(What you should do) Once the line containing "pastel mint green" is found, copy that line and all remaining lines of the records exactly, including the last one, and add nothing.

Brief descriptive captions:
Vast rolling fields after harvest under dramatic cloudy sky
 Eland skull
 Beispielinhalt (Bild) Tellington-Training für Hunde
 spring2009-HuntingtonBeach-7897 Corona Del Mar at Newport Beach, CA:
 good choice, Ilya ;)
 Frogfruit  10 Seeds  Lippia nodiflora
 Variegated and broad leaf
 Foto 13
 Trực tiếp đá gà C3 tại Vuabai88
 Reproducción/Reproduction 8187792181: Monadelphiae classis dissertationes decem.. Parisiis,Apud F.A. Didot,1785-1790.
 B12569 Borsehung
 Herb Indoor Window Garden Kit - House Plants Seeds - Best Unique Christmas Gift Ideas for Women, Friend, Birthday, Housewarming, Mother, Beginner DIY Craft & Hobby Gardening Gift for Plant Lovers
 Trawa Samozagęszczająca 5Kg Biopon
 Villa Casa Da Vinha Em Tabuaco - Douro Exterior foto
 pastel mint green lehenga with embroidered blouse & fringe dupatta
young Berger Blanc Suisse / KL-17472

(Result)
 pastel mint green lehenga with embroidered blouse & fringe dupatta
young Berger Blanc Suisse / KL-17472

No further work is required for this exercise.